The Lung Brothers

Hanging out at the extreme end of the long tail ...

Friday, November 20, 2009

Obits and Pieces Nº. 3: The Salam Sandwich Bar.

As mentioned previously, my intention with this series is to pay homage to all those wonderfully grungy dives that the Elder and I used to frequent during our first heady years in Barcelona and which tragically no longer exist.

Without overstretching a metaphor it could be said that cities often resemble cheeses, in that it’s usually the little bits of stinky mould that give them their real flavour. By removing these fetid little corners, the city runs the risk of converting itself from a pungent Stilton (say Naples) to a bland and processed Edam. (Stockholm for instance)

This analogy is particularly apt as today I shall be writing about none other than the long-deceased Salam sandwich bar, a gorgeous little eatery which plied its trade with a lot more emphasis on soul than sanitation.

The bar was located on the Gothic Quarter’s Carrer Ample, which literally translates to Broad Street. This either means that the Catalans have a very curious sense of irony or that streets in the middle ages were mind-buggeringly narrow. My vague knowledge of local history and my comprehensive knowledge of local Catalans leave me in no doubt of the latter. You could just about cross the street by drunkenly falling over, I know, I’ve tried.

Why the name ‘Salam’? I just assumed it had something to do with the ethnicity of the previous owners combined with the laziness of the current ones. The sign’s obvious age and gaping holes served to strengthen this theory. It stood on a corner with glass running all round and just enough room inside for a right-angled bar and a barrage of surrounding high stools. Viewing the scene at night, it resembled something Edward Hopper might have painted while suffering from salmonella poisoning.

Stepping inside, you were struck by the wonderful smells of all the wrong food groups. There were usually a few specimens of the local unwashed fauna perched on stools and serving as an appreciative audience to Jorge and Maria, the married couple who ran the joint.

Now lets be honest here, Jorge and Maria were nobody’s idea of Brangelina. I imagine that they would be about as welcome in a modelling agency as they would at a weightwatchers convention.
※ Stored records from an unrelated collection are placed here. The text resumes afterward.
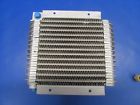 96807-002 8537602 10631 10557 478-641 555-328 Lycoming Oil Cooler Pn
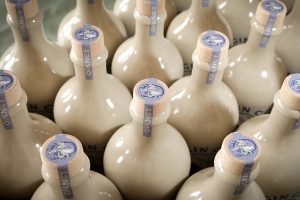 Showcase event set to promote Orkney’s food, drink and creative sectors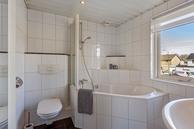 Foto van Dr. Schaepmanlaan 3, Veghel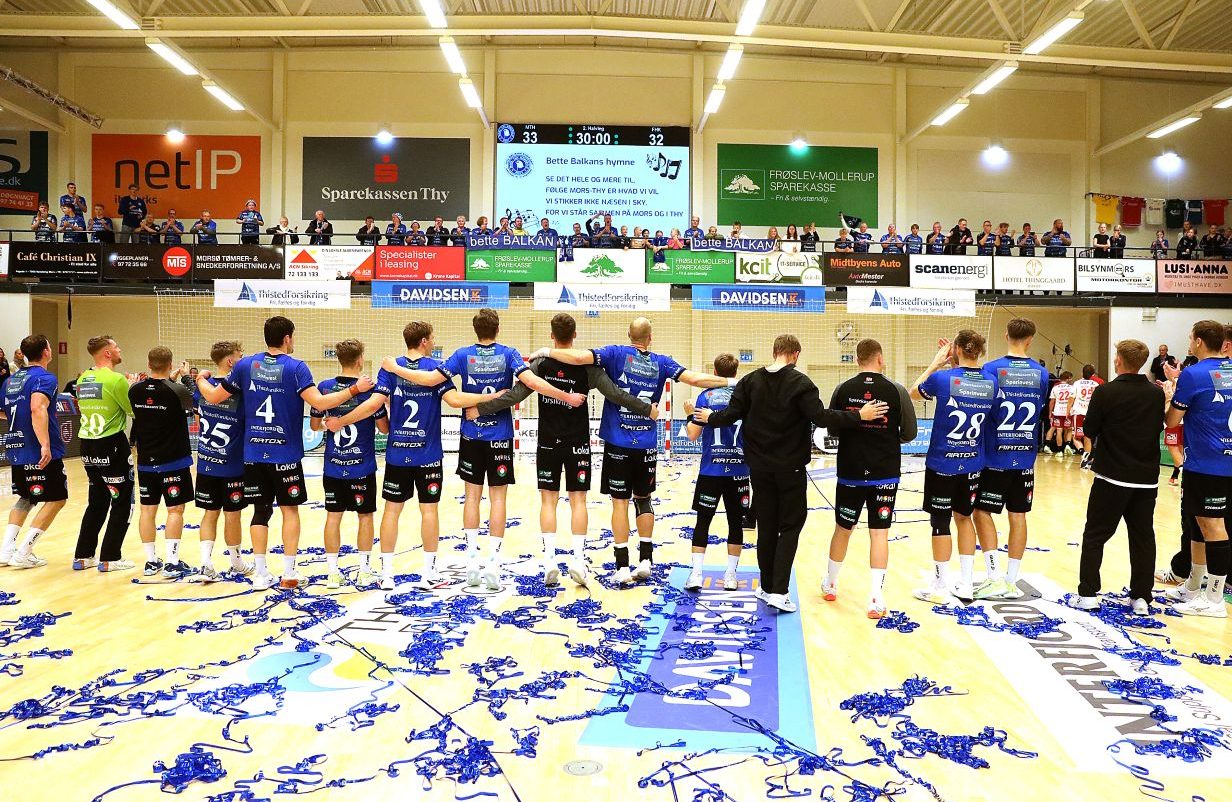 251122-mth-fredericia-40-aspect-ratio-1232-802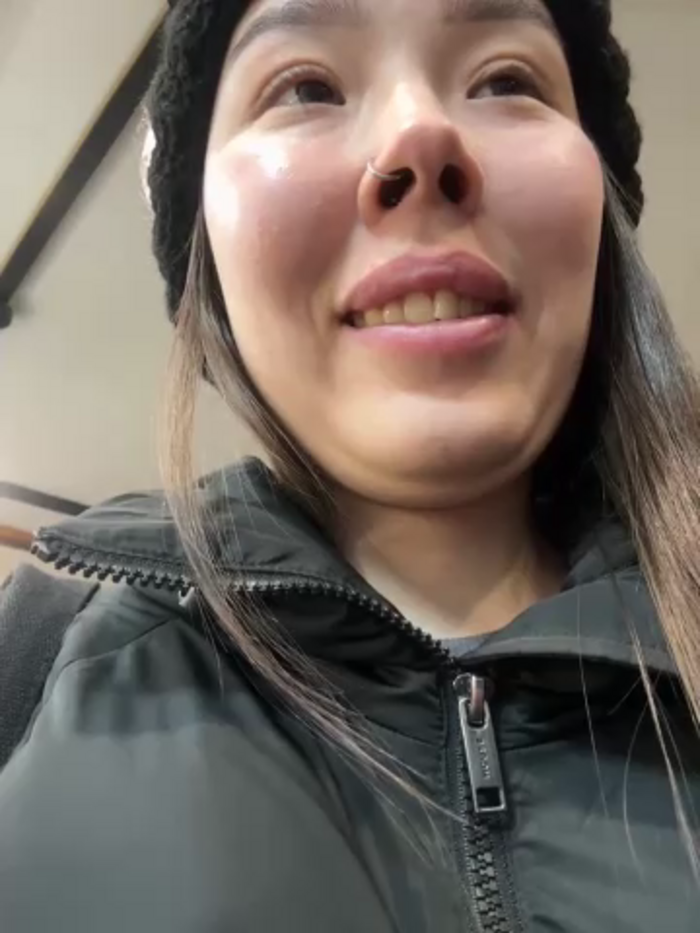 Asian_Asami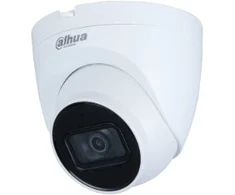 NET 2MP EYEBAL/IPC-HDW2230T-AS-0280B-S2 DAHUA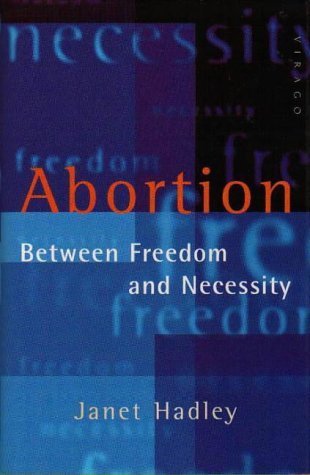 Abortion,Used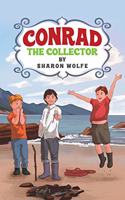 Conrad The Collector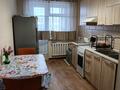 2-комнатная квартира · 55 м² · 5 этаж, мкр Тастак-3, Каримова — ЛУЧШЕЕ ПРЕДЛОЖЕНИЕ!!! Помощь с ИПОТЕКОЙ! за 35 млн ₸ в Алматы, Алмалинский р-н — фото 10
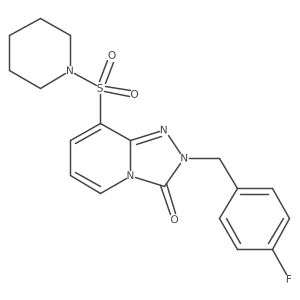 1251689-98-1 structure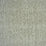 Designers Guild Bourlet 6 Sample Sample FDG2924-06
Yet there they were, flirting shamelessly with each other and with the punters, cracking anecdotes and making the whole experience so much more than simply grabbing a sandwich and a beer. Lung the Elder once commented while watching the two of them playfully teasing each other, that he bet the two of them went home every night and fucked like bunnies. This mental image was perhaps the only thing in that bar (among many other worthy contenders) that ever came close to putting me off one of Jorge’s divine culinary creations.
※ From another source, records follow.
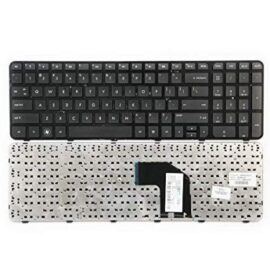 HP Pavilion G6-2000 Keyboard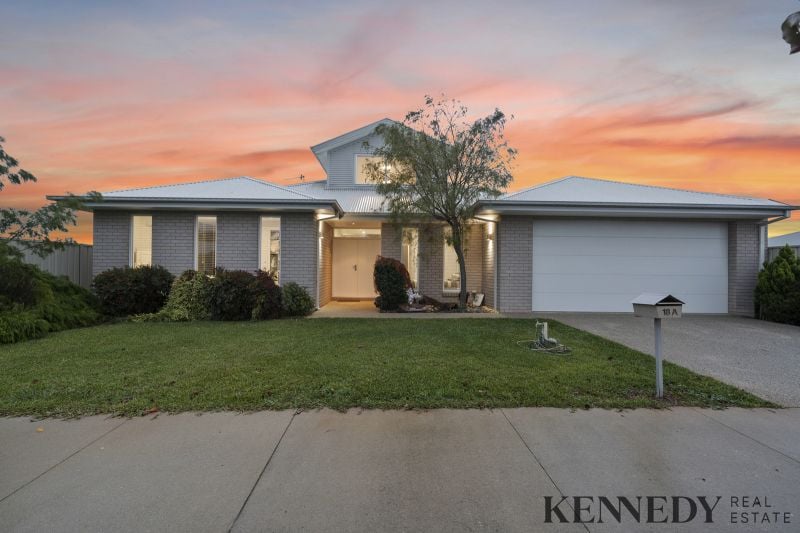 18a Botts Road Yarrawonga VIC, Yarrawonga - Image 1
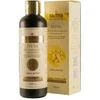 Masažo aliejus jautriai ir probleminei odai Pitta, Sattva Ayurveda, 200ml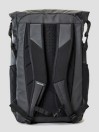 Rip Curl F-Light Surf Midnight 40L Batoh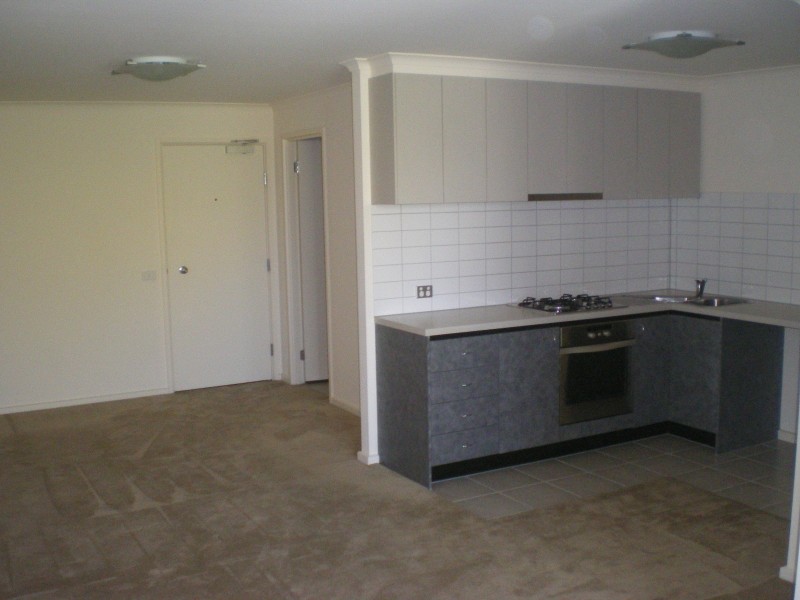 REF 20504/118 Dudley Street, West Melbourne VIC 3003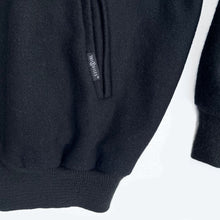 Load image into Gallery viewer, THE X-FILES '96 JACKET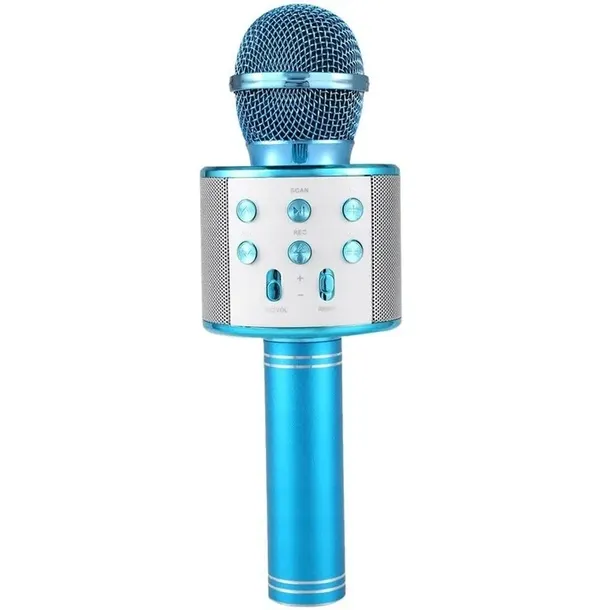 mikrofon-bezprzewodowy-karaoke-bluetooth-glosnik-marka-bez-marki-stan-nowy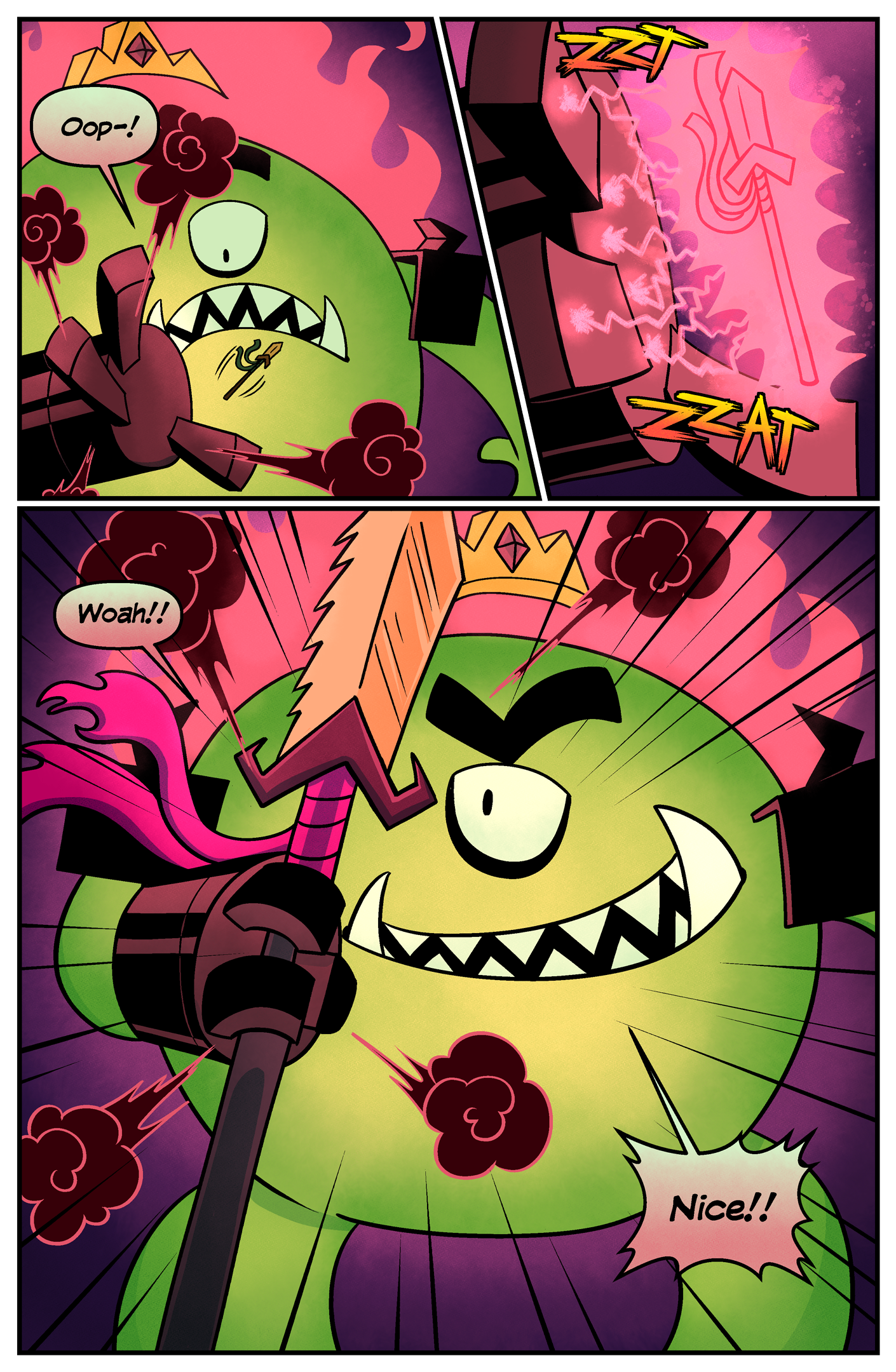 Page 1446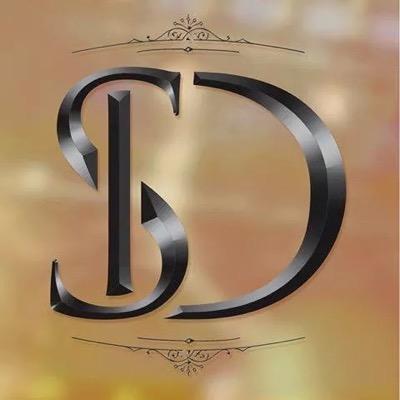 A Sobrancelha Design está no Mercado ha mais de 10 anos. Agendamento 62 3636-8959 ou whatsapp 8328-2373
The other contenders in question were the general lack of spotlessness (read: filth), the cat which was allowed to stroll along the bar to greet customers while stepping gingerly over their besandwiched plates and of course the cockroaches. Oh yes, there were indeed roaches and big feckers too. When you pointed one out scuttling across a shelf to Jorge, he would just shrug and say “He ain’t bothering me, is he bothering you?” To his credit, I never once saw Jorge whack a roach with his cooking spatula, although it wouldn’t have surprised me one bit.

And yet all of these peripheral distractions were overlooked by the regular clientele for one very good reason. To call Jorge a sandwich maker would be like calling Da Vinci a doodler. Jorge was a sandwich artiste. Almost all the bready treats scrawled on the bar’s blackboard menu were of his own invention and every customer had his or her favourite. Mine was the ‘Gótico’ and to this day I can still taste it on my age-hardened palette. If I close my eyes and let my taste buds wander back through the fog of time, I recall the fried onions, the escabeche beef and cheese, lots and lots of cheese. A veritable A-fucking-bundance of cheese.
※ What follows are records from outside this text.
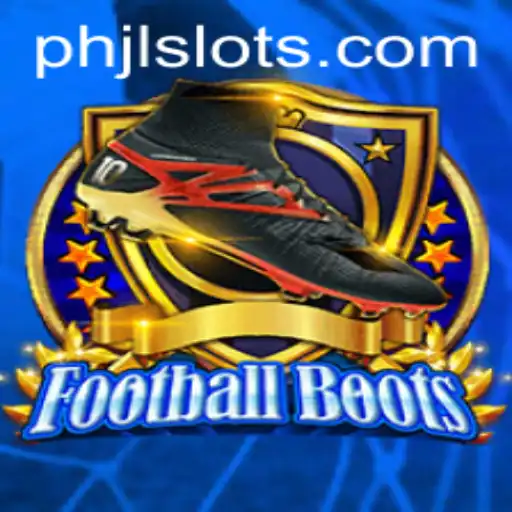 FootballBoots Game: A Deep Dive into the Thrilling World of Jlslots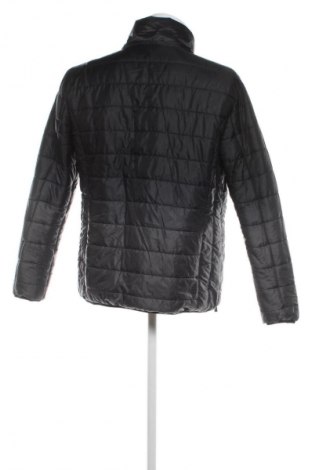 Herrenjacke Uncle Sam, Größe M, Farbe Schwarz, Preis 30,99 €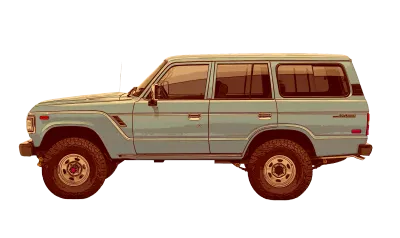 60 series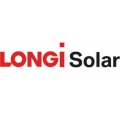 LONGi Solar ставит новый мировой рекорд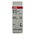 ABB, OVR Surge Protection Device 275 V Maximum Voltage Rating 80kA Maximum Surge Current Surge Protection Device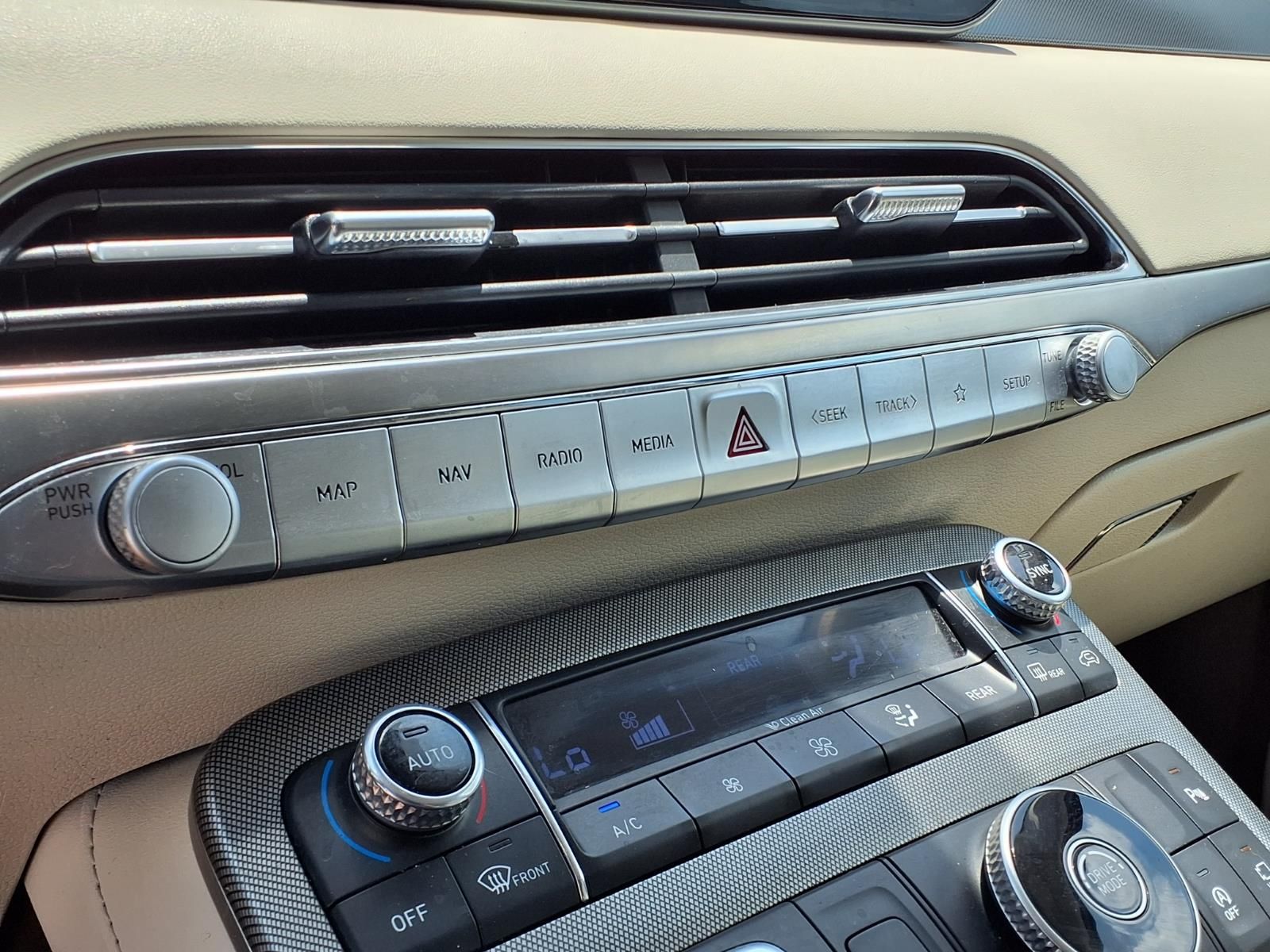 car-gallery-23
Bringing one of these triple-deck cholesterol bombs to life was never a rushed process for Jorge. That sage artisan took his time, his hands moving so speedily and skilfully it would make a sushi chef weep, only pausing occasionally to point his massive chopping knife at you to drive home a punchline or to coquettishly pretend to stab Maria in the back while winking at us. You were usually on your second beer by the time the oozing piece of toasted paradise was served to you. If you were smart, at that moment you’d quit kidding yourself about your gorging threshold and order a second one immediately.

Maria was a whole different kettle of fish. In retrospect, it’s fairly obvious that she suffered from some sort of bipolar disorder and was ruled by whichever way the serotonin tide was flowing on any particular day. When she was up, there was nobody like her. The wicked eye twinkle, rapid fire wit and brazen playfulness would leave any professional television presenter in the shade. But sweet Jesus when she was down, she was scary. She’d slump behind the bar with an expression of pure malice on her mug, staring daggers at everyone, chain smoking and poisoning any attempt a jovial conversation with nasty, nasty throwaway remarks. Sometimes you didn’t know whether to order a beer or call an exorcist.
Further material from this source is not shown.